__TASK DETAILS__
Each entry below must be repeated exactly, with pictures left out.

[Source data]

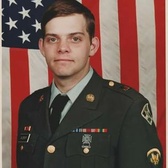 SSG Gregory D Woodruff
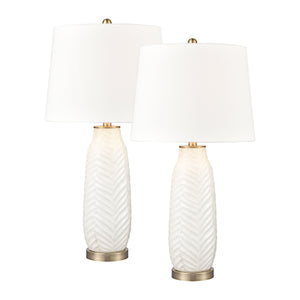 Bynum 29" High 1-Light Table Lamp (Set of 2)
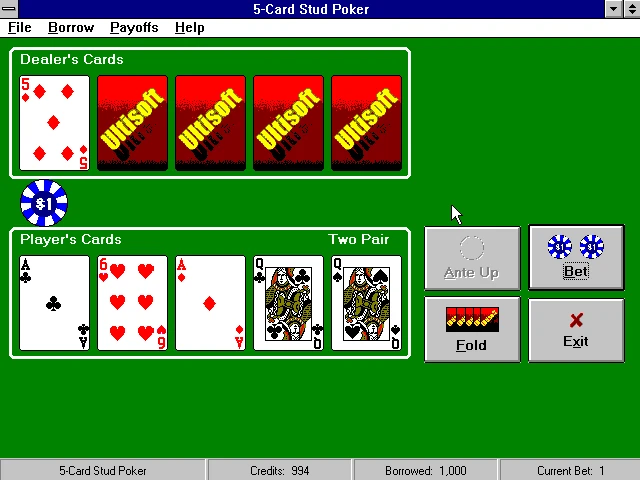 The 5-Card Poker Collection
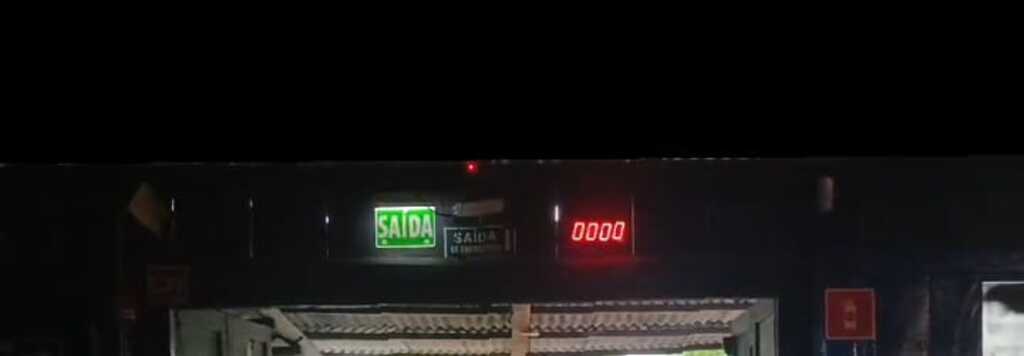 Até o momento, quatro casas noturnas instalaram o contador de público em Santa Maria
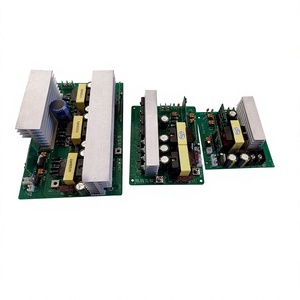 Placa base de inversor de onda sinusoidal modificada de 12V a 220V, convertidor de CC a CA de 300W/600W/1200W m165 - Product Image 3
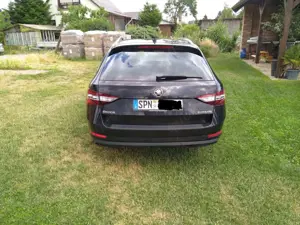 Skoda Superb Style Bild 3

__TASK SOLUTION__
 SSG Gregory D Woodruff
 Bynum 29" High 1-Light Table Lamp (Set of 2)
 The 5-Card Poker Collection
 Até o momento, quatro casas noturnas instalaram o contador de público em Santa Maria
 Placa base de inversor de onda sinusoidal modificada de 12V a 220V, convertidor de CC a CA de 300W/600W/1200W m165 - Product Image 3
 Skoda Superb Style Bild 3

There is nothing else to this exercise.